Section 5--2(c) of the Criminal Code incorporates the common design rule, which provides that where two or more people engage in a common criminal design or agreement, any acts committed in furtherance of the plan by any one party are considered to be the acts of all the parties and all are accountable for those acts. 720 ILCS 5/5--2(c) (West 1992); People v. Shelton, 293 Ill. App. 3d 747, 754, 688 N.E.2d 831 (1997); People v. Eubanks, 283 Ill. App. 3d 12, 20-21, 669 N.E.2d 678 (1996). Moreover, a defendant may be charged with murder based on a theory of accountability where the defendant enters a common design to commit only a battery, yet a murder is committed during the course of the battery. People v. McClain, 269 Ill. App. 3d 500, 505, 645 N.E.2d 585 (1995).

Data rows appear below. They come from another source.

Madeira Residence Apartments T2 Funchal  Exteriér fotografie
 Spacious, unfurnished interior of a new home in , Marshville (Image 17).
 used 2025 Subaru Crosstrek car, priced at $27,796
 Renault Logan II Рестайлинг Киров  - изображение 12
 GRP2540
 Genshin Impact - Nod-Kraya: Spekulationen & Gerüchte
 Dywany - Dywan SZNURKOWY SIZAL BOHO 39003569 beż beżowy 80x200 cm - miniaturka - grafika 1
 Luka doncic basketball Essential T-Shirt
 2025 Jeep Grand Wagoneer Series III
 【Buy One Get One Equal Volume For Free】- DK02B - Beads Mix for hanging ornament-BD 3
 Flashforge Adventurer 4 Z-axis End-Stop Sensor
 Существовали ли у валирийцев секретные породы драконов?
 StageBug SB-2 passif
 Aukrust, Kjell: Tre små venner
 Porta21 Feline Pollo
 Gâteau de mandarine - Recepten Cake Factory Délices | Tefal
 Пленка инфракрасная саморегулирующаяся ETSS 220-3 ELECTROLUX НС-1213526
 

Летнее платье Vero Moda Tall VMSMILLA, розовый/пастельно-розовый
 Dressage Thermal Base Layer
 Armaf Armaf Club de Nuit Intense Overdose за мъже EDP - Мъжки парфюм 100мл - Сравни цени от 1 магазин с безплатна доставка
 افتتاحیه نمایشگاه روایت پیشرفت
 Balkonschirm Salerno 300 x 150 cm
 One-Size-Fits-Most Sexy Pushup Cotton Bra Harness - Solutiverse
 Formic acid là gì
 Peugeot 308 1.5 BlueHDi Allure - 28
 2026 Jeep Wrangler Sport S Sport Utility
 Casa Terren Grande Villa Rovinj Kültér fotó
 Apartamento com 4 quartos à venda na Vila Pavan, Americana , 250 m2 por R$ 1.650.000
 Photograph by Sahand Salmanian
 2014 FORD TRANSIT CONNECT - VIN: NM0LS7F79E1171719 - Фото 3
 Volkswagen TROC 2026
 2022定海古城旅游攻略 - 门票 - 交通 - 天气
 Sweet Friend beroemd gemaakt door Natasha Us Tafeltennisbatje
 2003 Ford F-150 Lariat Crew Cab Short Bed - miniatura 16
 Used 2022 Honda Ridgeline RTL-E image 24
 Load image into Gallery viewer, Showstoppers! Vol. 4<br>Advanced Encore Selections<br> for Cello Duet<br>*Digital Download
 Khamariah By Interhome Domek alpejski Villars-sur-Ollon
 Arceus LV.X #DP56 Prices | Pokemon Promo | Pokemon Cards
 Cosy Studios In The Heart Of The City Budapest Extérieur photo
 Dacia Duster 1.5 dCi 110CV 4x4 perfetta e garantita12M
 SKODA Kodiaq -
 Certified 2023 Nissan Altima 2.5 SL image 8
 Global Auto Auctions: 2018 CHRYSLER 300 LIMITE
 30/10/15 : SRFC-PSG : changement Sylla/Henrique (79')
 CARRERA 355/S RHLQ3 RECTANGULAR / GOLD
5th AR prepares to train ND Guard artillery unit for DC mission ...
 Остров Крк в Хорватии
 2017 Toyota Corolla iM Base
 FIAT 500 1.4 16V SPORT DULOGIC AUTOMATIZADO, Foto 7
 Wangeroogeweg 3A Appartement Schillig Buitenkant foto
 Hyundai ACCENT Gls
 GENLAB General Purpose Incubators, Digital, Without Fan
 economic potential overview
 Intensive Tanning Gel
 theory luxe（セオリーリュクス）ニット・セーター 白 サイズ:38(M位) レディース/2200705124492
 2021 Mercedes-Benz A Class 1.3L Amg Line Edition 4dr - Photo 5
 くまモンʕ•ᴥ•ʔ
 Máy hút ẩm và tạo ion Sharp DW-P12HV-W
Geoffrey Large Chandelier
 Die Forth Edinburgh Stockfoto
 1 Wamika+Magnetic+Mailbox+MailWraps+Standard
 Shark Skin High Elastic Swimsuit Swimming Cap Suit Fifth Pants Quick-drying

Here, defendant was accountable for the actions of Lemont. The evidence presented indicates that defendant gave Lemont the nine millimeter gun that was used in the shooting. The group met at the Lake home where Tineshea told the group, which included defendant, that they should "kick [Orlando's] ass." At that point, Lemont displayed a gun and told Tineshea not to worry about it. Thus, defendant was a party to a common criminal design. See Eubanks, 283 Ill. App. 3d at 21. Defendant then left with the group and went directly to Lashundia's house with the intent to hurt Orlando Potts. After the shooting, defendant drove part of the group back to Lemont Lake's house. The fact that Lemont shot Alvin Gilmore during the execution of the group's common plan to hurt Orlando Potts is sufficient to hold defendant accountable for the shooting. In light of these circumstances, defendant was accountable for the murder of Alvin Gilmore.

For the reasons cited herein, the judgments of the circuit court of Cook County are affirmed. As part of our judgment, we grant the State's request and assess defendant $150 as costs for this appeal.

Affirmed.

McNULTY, P.J., and TULLY, J., concur.